These dividends are growing each year.
The lower interest rates fall around the world, the more appealing high-yield dividend stocks become to long-term investors. Unfortunately, many high-yielding dividend stocks may not be able to sustain those yields. When a company gets in financial trouble, a dividend cut can be the first way it tries to right the ship. However, a history of dividend hikes is one of the best signs a company has a healthy balance sheet. Here are eight stocks with dividend yields of at least 4% that have increased their dividends by an average of 10% annually over the past five years.
Energy Transfer (ticker: ET)
Energy Transfer owns more than 83,000 miles of natural gas and crude oil pipelines across the United States. Morningstar analyst Travis Miller says Energy Transfer's focus on liquid natural gas should benefit from a rise in LNG exports. After investing more than $8 billion annually from 2015 to 2018, Miller says Energy Transfer is set up for an extended period of cash flow growth. Energy Transfer has increased its dividend for 10 consecutive years and currently pays a 10.2% yield. Morningstar has a "buy" rating and $22 fair value estimate for ET stock.
Simon Property Group (SPG)
Simon is a retail real estate investment trust primarily focused on regional shopping malls. Morningstar analyst Kevin Brown says Simon has one of the top retail portfolios in the U.S., including Class A traditional malls and premium outlet malls in top markets. Despite losing market share to online shopping, Brown says U.S. brick-and-mortar retail sales should continue to grow for at least another decade. Simon Property has raised its dividend for nine straight years to its current 5.7% yield. Morningstar has a "buy" rating and $189 fair value estimate for SPG stock.
Magellan Midstream Partners (MMP)
Magellan is another high-yield crude oil pipeline MLP. Morningstar analyst Stephen Ellis says Magellan's refined products business got a boost from a 4.3% increase in tariffs, and the company recently raised its full-year distributable cash flow guidance to $1.26 billion. Ellis says a combination of high-quality assets, earnings stability and steady increases in distributions over time make Magellan a winning investment. Magellan has raised its dividend for nine consecutive years to its current yield of 6.7%. Morningstar has a "buy" rating and $72 fair value estimate for MMP stock.
Altria Group (MO)
Altria has more than a 50% share of the U.S. cigarette market, owns a 10% stake in alcohol company Anheuser-Busch InBev (BUD), owns a 35% stake in vaping leader Juul Labs and a 45% stake in cannabis producer Cronos Group (CRON). Morningstar analyst Philip Gorham says Altria's exclusive U.S. rights to the Philip Morris (PM) iQOS device could be a significant growth opportunity. Altria has raised its dividend for 10 straight years, and it now yields 6.9%. Morningstar has a "buy" rating and $56 fair value estimate for MO stock.

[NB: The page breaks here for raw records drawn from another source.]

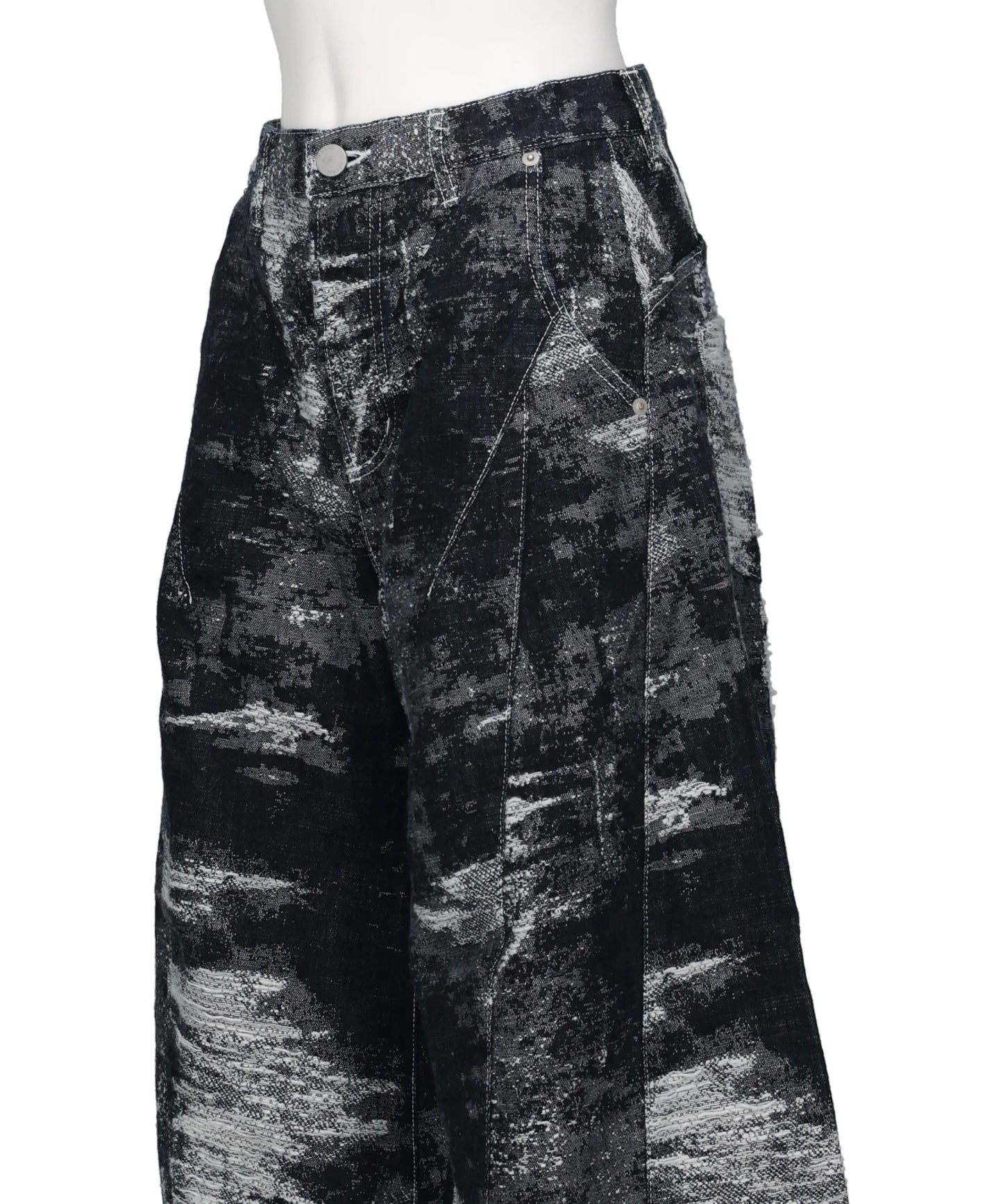 DENIM CURVED PANTS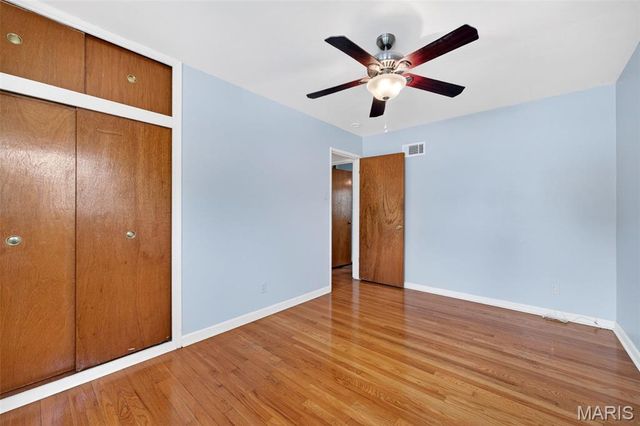 4849 Mohegan Drive, St Louis, MO 63123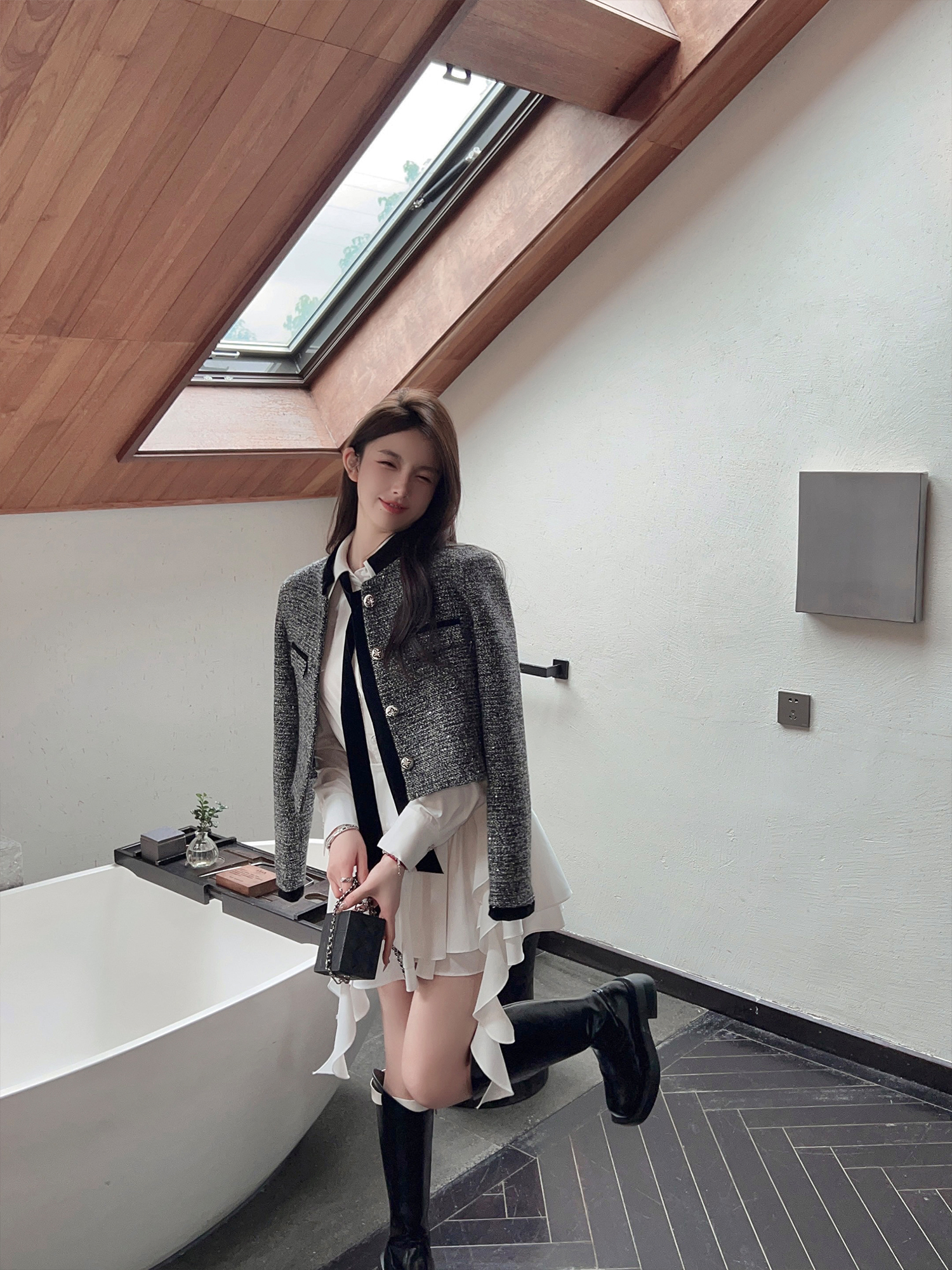 High-End White Long Sleeve Shirt Dress with Waist-Cinching Design - Trendy Autumn Winter Hot Girl Style with Slim Short Skirt High-End White Long Sleeve Shirt Dress with Waist-Cinching Design - Trendy Autumn Winter Hot Girl Style with Slim Short Skirt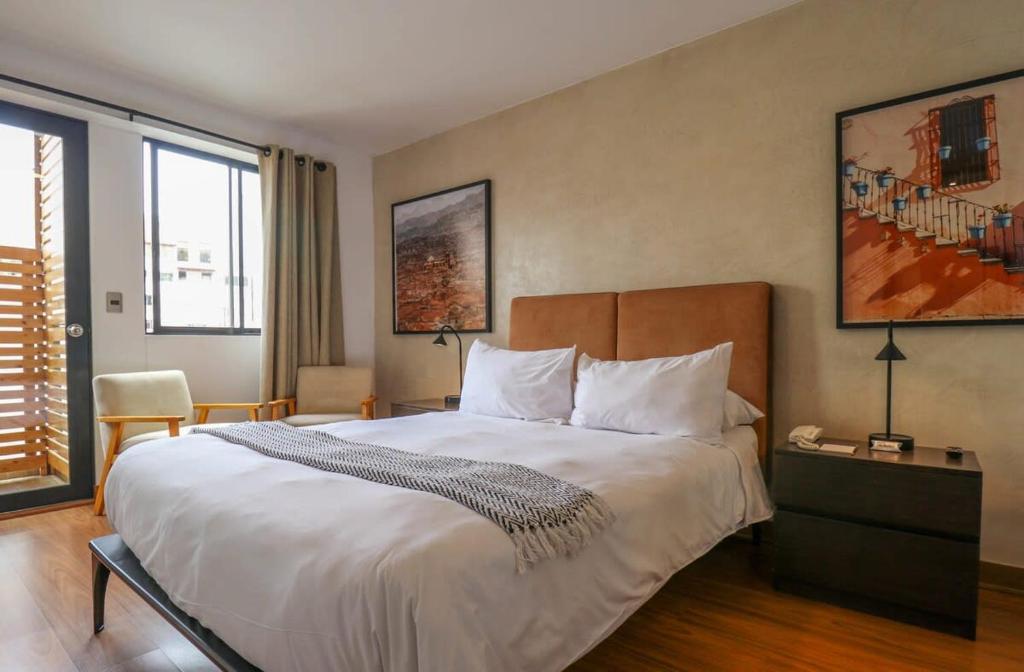 1 dormitorio con 1 cama grande en una habitación en Astonishing 2BR With OCEAN View, en Lima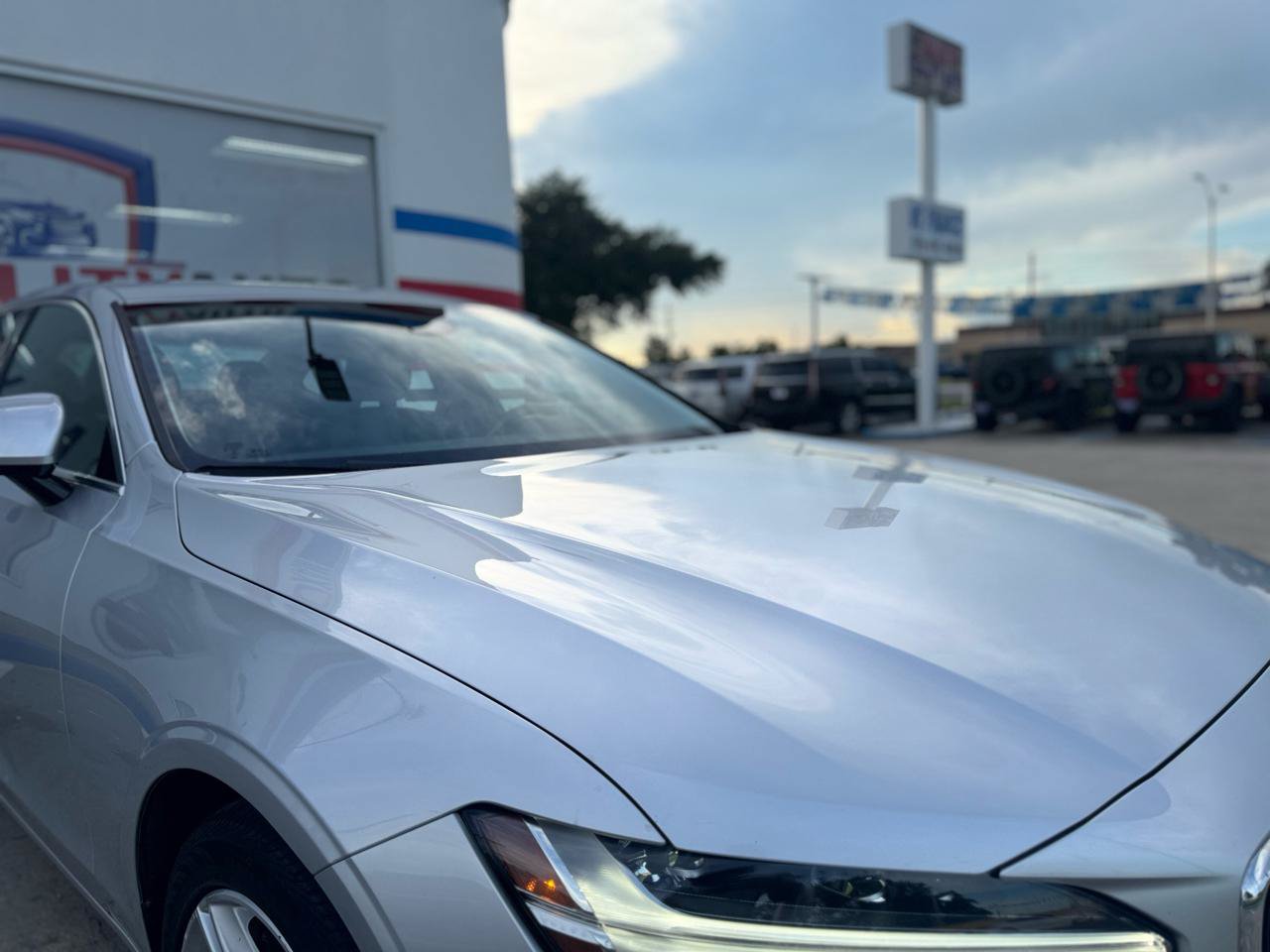 Used 2018 Volvo S90 T5 Momentum w/ Convenience Package AWD/4WD image 15
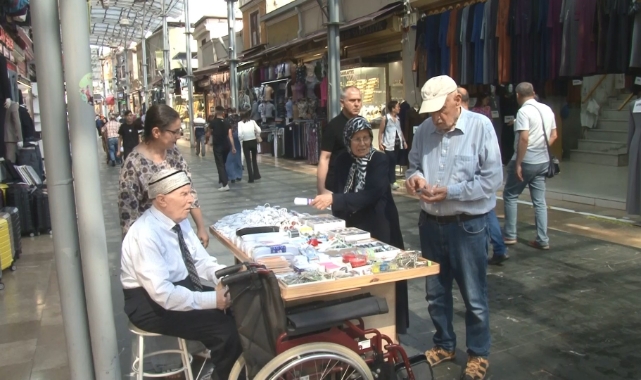 Görme engelli hafızın 66 yıllık çarşı serüveni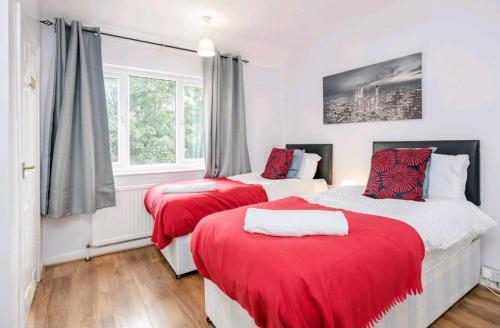 TMS Spacious 4 bedroom house! Free Parking! Crosby Dagenham!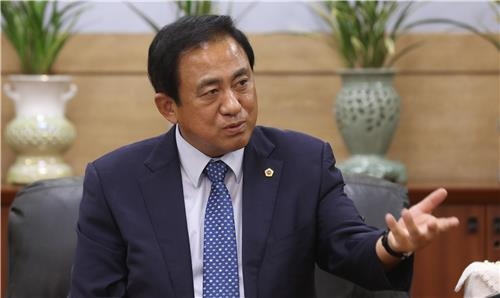 인터뷰하는 양준욱 서울시의회 의장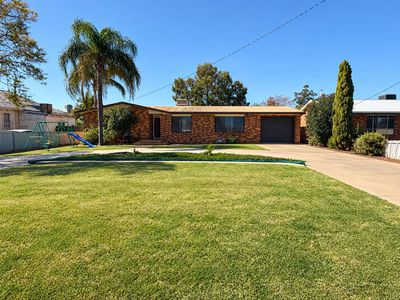 15 Henry Street, Yenda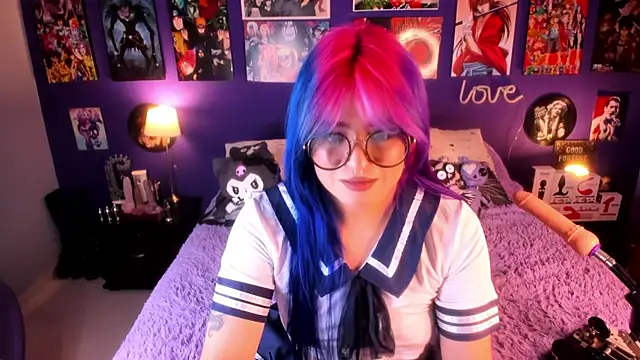 Snapshot of anne_cross chatting on March 2025 01:57:02 AM anne cross online show from March 2025 01:57:02 AM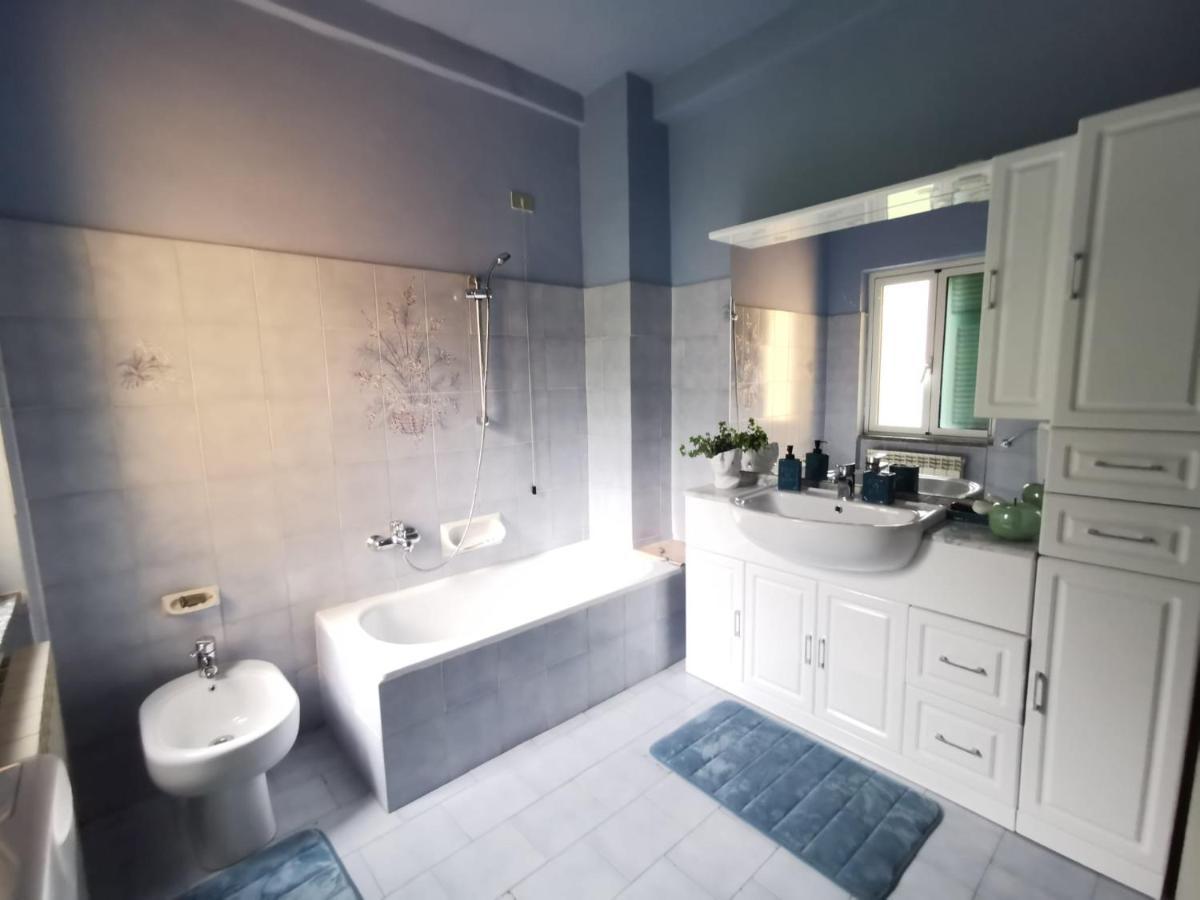 Itaca Hotel Вараце Екстериор снимка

MPLX is yet another high-yield oil MLP that specializes in transporting products in the Midwest and U.S. Gulf Coast regions. MPLX acquired nearly $12 billion in assets in 2017, which Ellis says has helped boost earnings by $1.5 billion. Ellis says MPLX is establishing a massive presence in the northeastern U.S., a region he predicts will be a major natural gas liquids hub. MPLX has hiked its payout for five straight years, and the stock's current yield is 11.6%. Morningstar has a "buy" rating and $39.50 fair value estimate for MPLX stock.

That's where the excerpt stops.